Most of them have moved south with the warmer water. For the ones that remain, they’re not traveling far or quickly, so there will be lots of dead water between schools. Throw a couple of casts, and then move on a little ways if you don’t get any bites.
Slow Down Your Retrieval Speed
With the colder water temperature, the fish’s metabolism and energy level slows way down, and they can become a bit sluggish. Depending on what fish you’re after, you’ll want to retrieve your lures very slowly, moving them just enough to keep them off the bottom, barely making a minnow plug swim. Fish a teaser just in front of the plug. For stripers, salted clams and bloodworms can bring them in.
Surf fish feed along the bottom for the most part. If you’ve been at it for a while and aren’t getting any bites, try a heavier egg sinker. In bigger surf, you’ll want to use up to an ounce of weight, for smaller surf you may use as little as a quarter ounce.
Heat Things Up A Bit
When you’re fishing with grubs, a little trick of the trade is to use hot sauce.

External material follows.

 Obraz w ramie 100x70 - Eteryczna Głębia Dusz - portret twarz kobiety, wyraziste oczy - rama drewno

It doesn’t matter what kind. Since the fish aren’t as aggressive in the colder waters, hot sauce tends to help them hold on long enough for you to set your hook. Dip your grub in about every 5 casts or so. Just remember to not rub your eyes!

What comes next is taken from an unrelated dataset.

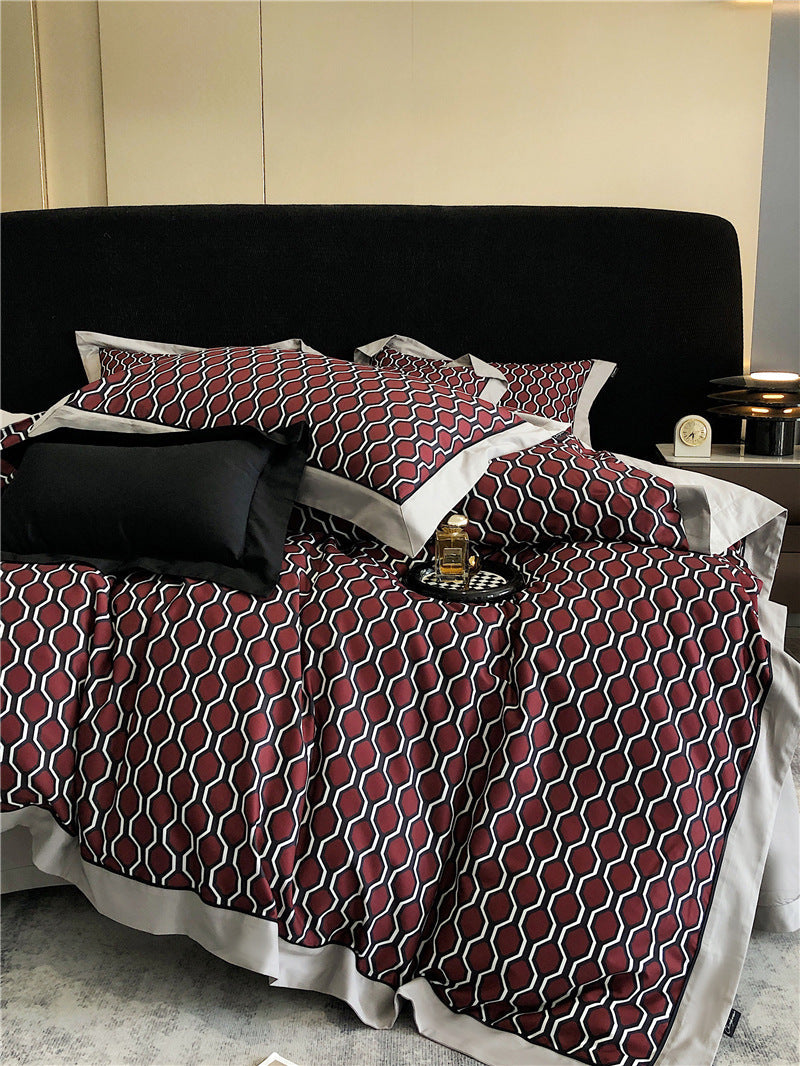 Long-staple cotton printed four-piece bedding set by My Store, featuring a patterned duvet cover and pillowcases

Do Your Research Before Winter Surf Fishing
The surf can vary greatly during the winter months. Tides, water temperatures, and sea conditions can vary greatly from day-to-day, depending on the moon phase, weather, and swell direction. Collect as much information as possible before you head out. Local bait and tackle shops that provide surf and fishing conditions can go a long way towards helping to steer you towards local secrets. Winter fish varies greatly from location to location at this time of year, so get some accurate predictions from the locals before heading out.
Online resources can prove invaluable for helping you figure out geography and topography. Pull up your ANGLR app and study it before you go for your low-tide scouting walk. Websites exist that can link you to other anglers to find out what they’re having luck with at the beach. Pierandsurf.com is one such. Find one unique for your area and check them out.